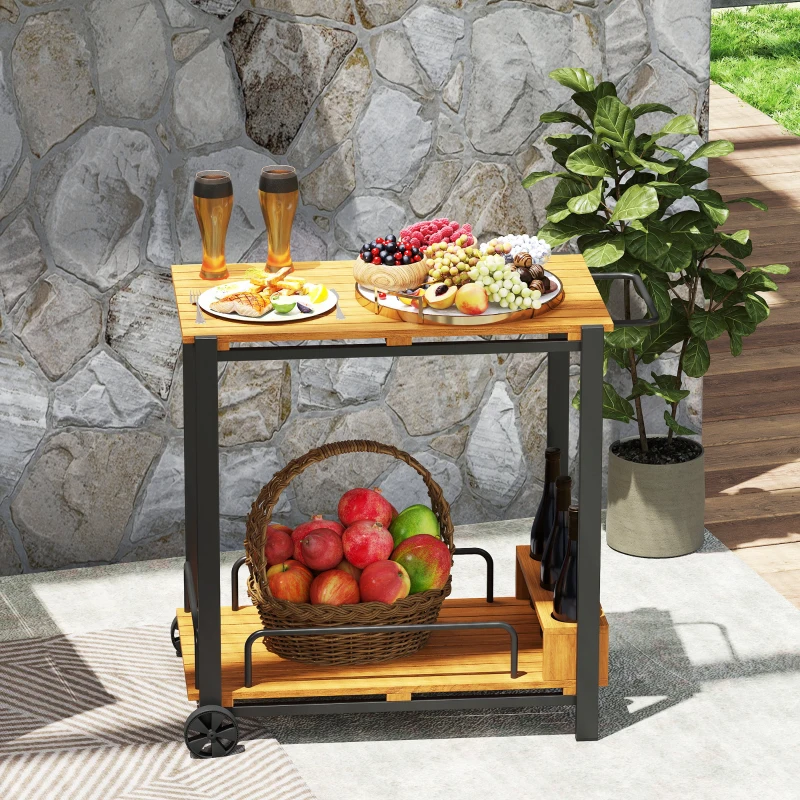 Outdoor bar cart with wooden top, full of fruits, snacks, and drinks on patio beside plants.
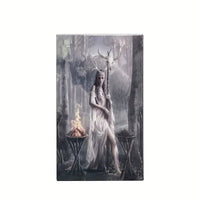 Framed artwork of a woman with antlers in a forest setting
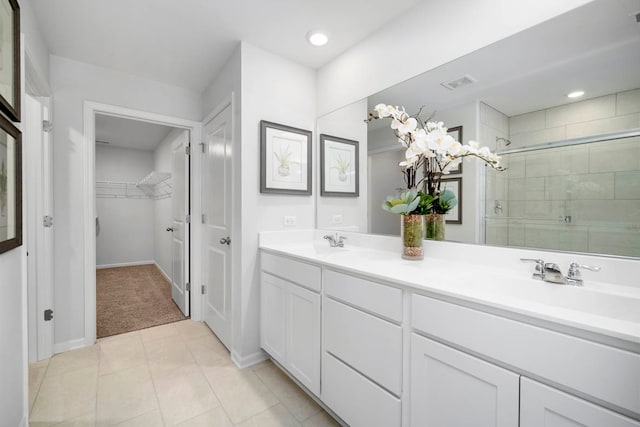 bathroom with a shower with door, vanity, and tile patterned floors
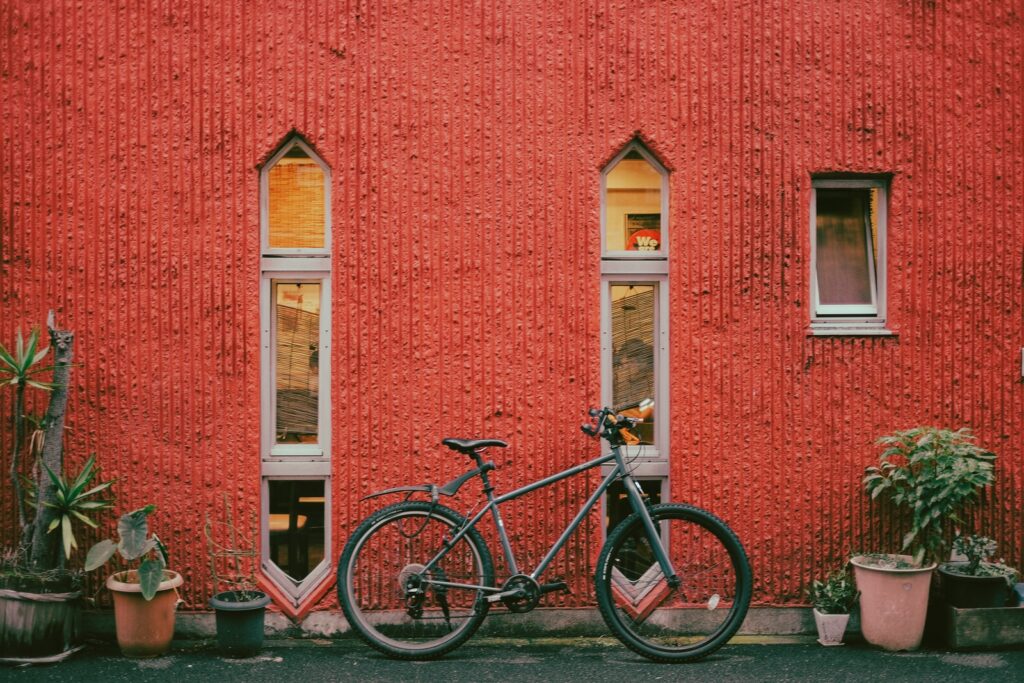 black and white bicycle parked beside red concrete building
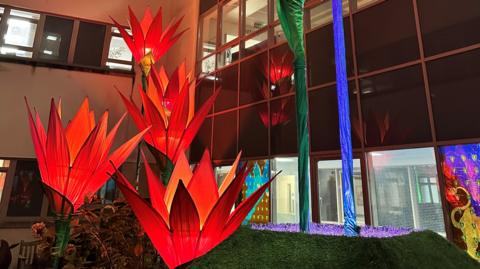 Five tall flower sculptures which are lit up in deep red hues at night outside the hospital, where lights are on in the windows. 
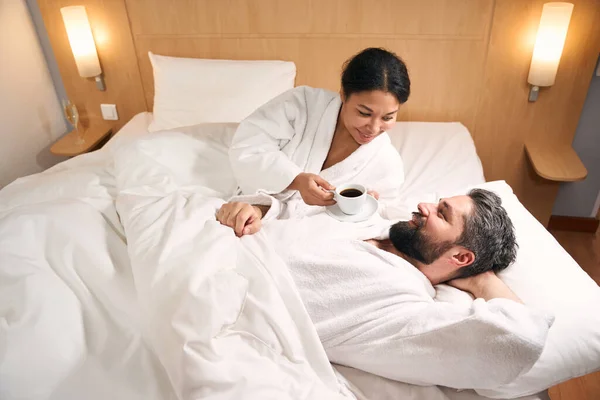 Vrolijke Vrouw Met Kopje Koffie Schotel Liggend Bed Naast Gelukkig — Stockfoto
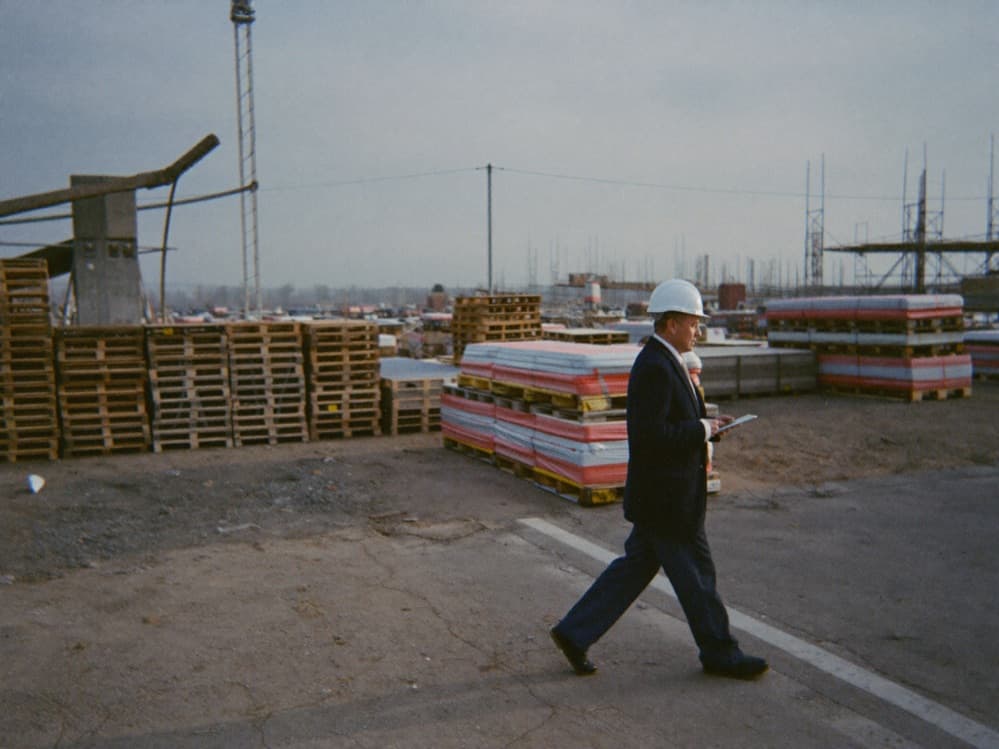 Superintendent in a hard hat walking an active construction site with a tablet, pallets and scaffolding behind him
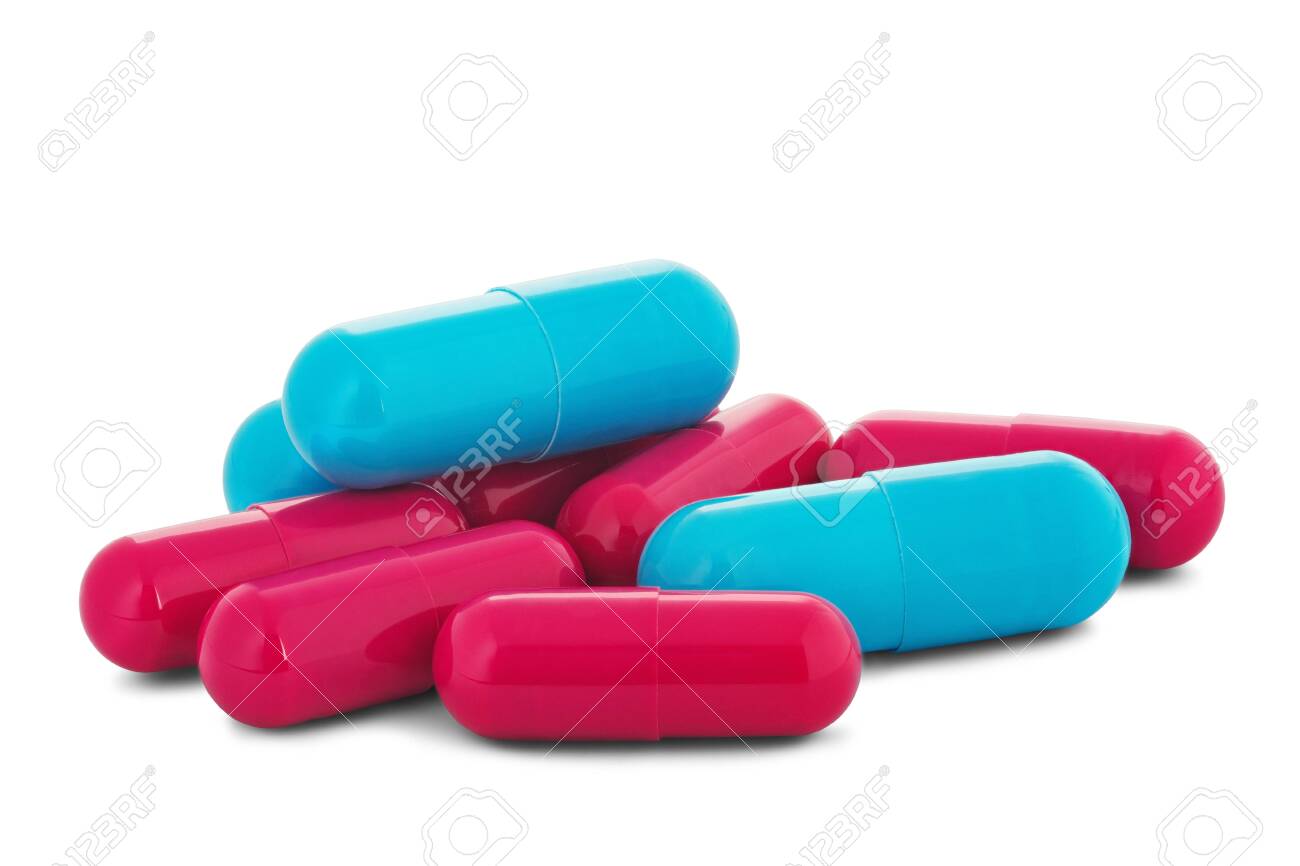 Pile of medical pills in red and blue colors on white isolated background with shadow. - 128004728 Pile of medical pills in red and blue colors on white isolated background with shadow. - 128004728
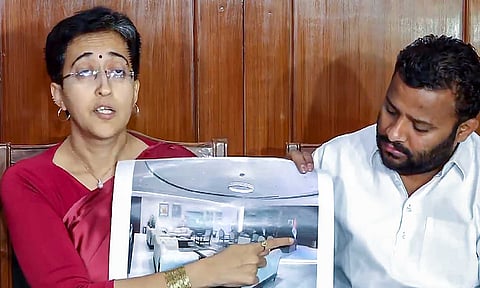 &nbsp;Leader of Opposition in the Delhi Assembly Atishi with AAP MLA Kuldeep Kumar address the media, in New Delhi, Tuesday (PTI)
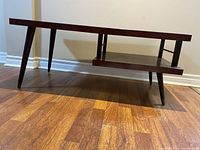 Side view of the mid century modern coffee table showing the angled legs and lower shelf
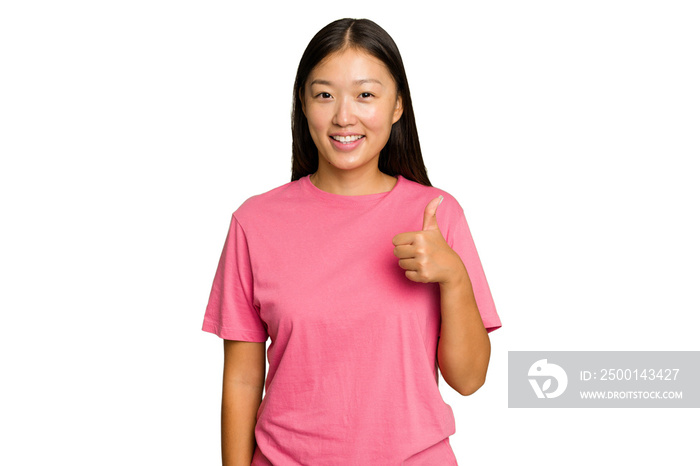 Young Asian woman isolated on green chroma background smiling and raising thumb up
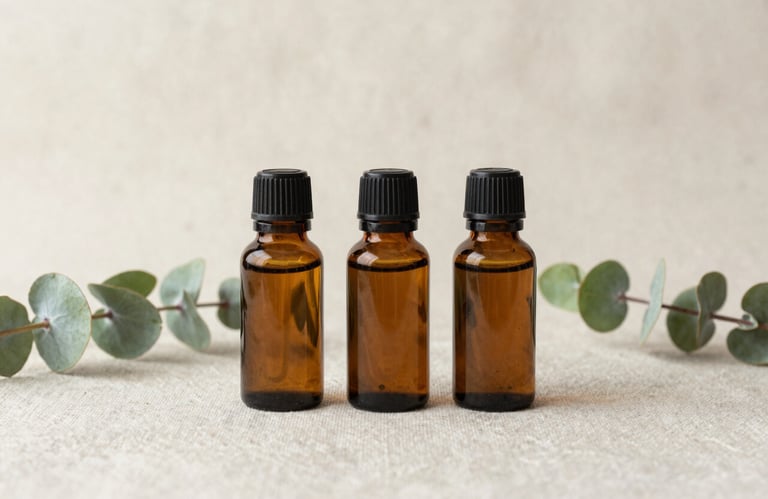 Minimalist photo of three glass bottles of essential oils arranged neatly on a textured soft cream linen cloth, natural eucalyptus green stems nearby.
^^^^
# Task instructions
Using the records above, retype everything exactly except the pictures.

# Expected answer
 Outdoor bar cart with wooden top, full of fruits, snacks, and drinks on patio beside plants.
 Framed artwork of a woman with antlers in a forest setting
 bathroom with a shower with door, vanity, and tile patterned floors
 black and white bicycle parked beside red concrete building
 Five tall flower sculptures which are lit up in deep red hues at night outside the hospital, where lights are on in the windows. 
 Vrolijke Vrouw Met Kopje Koffie Schotel Liggend Bed Naast Gelukkig — Stockfoto
 Superintendent in a hard hat walking an active construction site with a tablet, pallets and scaffolding behind him
 Pile of medical pills in red and blue colors on white isolated background with shadow. - 128004728 Pile of medical pills in red and blue colors on white isolated background with shadow. - 128004728
 &nbsp;Leader of Opposition in the Delhi Assembly Atishi with AAP MLA Kuldeep Kumar address the media, in New Delhi, Tuesday (PTI)
 Side view of the mid century modern coffee table showing the angled legs and lower shelf
 Young Asian woman isolated on green chroma background smiling and raising thumb up
 Minimalist photo of three glass bottles of essential oils arranged neatly on a textured soft cream linen cloth, natural eucalyptus green stems nearby.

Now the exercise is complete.